The under-five mortality rates of children in South Africa (SA) remain high despite successful HIV prevention and treatment programs. The in-hospital mortality of children with severe acute malnutrition remains a key obstacle. This study identifies and describes changes in the mortality of under-five children with severe acute malnutrition (SAM) following the implementation of HIV and malnutrition prevention and treatment programmes.
This was a retrospective review of in-hospital mortality records and databases. The study was based at a large referral hospital in KwaZulu-Natal (KZN), where HIV and malnutrition rates are high, and SAM children are managed with standard WHO guidelines. Records of children under five years old who died from 2009 to 2018 were analysed.

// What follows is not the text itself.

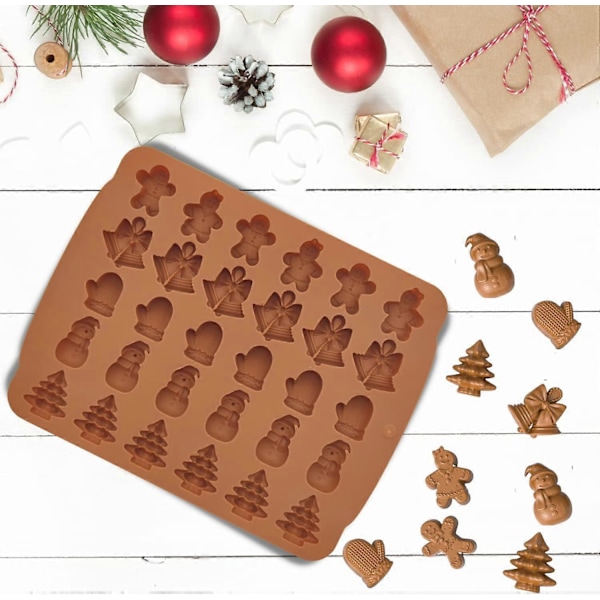 1 Förpackning 30-Hålig Jul Chokladform Godisform Pepparkaksgubbe och -gumma, Gran, Snögubbe, Klocka och Vante Form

Of the 698 under-five children who died in this period, 285 (40, 8% of all under-5 deaths) were classified as having SAM. The number of HIV-infected SAM deaths dropped significantly, especially those below six months of age, mirroring the expansion of HIV treatment and prevention programmes. Despite this and a significant drop in the proportion of SAM admissions identified, there was no change in SAM case fatality rates over the ten years. Septicaemia remained the most common cause of death in children with SAM.
Despite significant decreases in HIV-related malnutrition deaths over ten years, the lack of change in SAM case fatality rates is a concern at this referral hospital. Standardised WHO inpatient management protocols, may require review, especially where underlying medical conditions may contribute to SAM deaths in HIV-negative children.
尽管南非成功实施了艾滋病毒预防和治疗计划,但五岁以下儿童的死亡率仍然很高。患有严重急性营养不良的儿童的院内死亡率仍然是一个关键障碍。本研究确定并描述了在实施艾滋病毒和营养不良预防与治疗计划后,患有严重急性营养不良(SAM)的五岁以下儿童死亡率的变化。
这是一项对院内死亡率记录和数据库的回顾性研究。该研究以夸祖鲁-纳塔尔省(KZN)的一家大型转诊医院为基础,该地区艾滋病毒和营养不良率很高,患有严重急性营养不良的儿童按照世界卫生组织的标准指南进行管理。分析了2009年至2018年期间死亡的五岁以下儿童的记录。
在此期间死亡的698名五岁以下儿童中,285名(占所有五岁以下儿童死亡人数的40.8%)被归类为患有严重急性营养不良。感染艾滋病毒的严重急性营养不良儿童的死亡人数显著下降,尤其是六个月以下的儿童,这反映了艾滋病毒治疗和预防计划的扩大。尽管如此,以及确诊的严重急性营养不良入院比例大幅下降,但十年间严重急性营养不良的病死率没有变化。败血症仍然是患有严重急性营养不良儿童最常见的死亡原因。
尽管十年来与艾滋病毒相关的营养不良死亡人数显著下降,但这家转诊医院严重急性营养不良的病死率没有变化,这令人担忧。可能需要对世界卫生组织的标准化住院管理方案进行审查,特别是在潜在医疗状况可能导致艾滋病毒阴性儿童严重急性营养不良死亡的情况下。